● Dataset content:
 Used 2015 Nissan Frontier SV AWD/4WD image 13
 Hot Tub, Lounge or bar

==

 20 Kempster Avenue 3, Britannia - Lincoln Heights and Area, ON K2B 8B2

● What the exercise asks:
Output the lines above exactly, but only those between the line holding "Used 2015 Nissan" and the line holding "Hot Tub, Lounge or bar", inclusive.

● Written reply:
 Used 2015 Nissan Frontier SV AWD/4WD image 13
 Hot Tub, Lounge or bar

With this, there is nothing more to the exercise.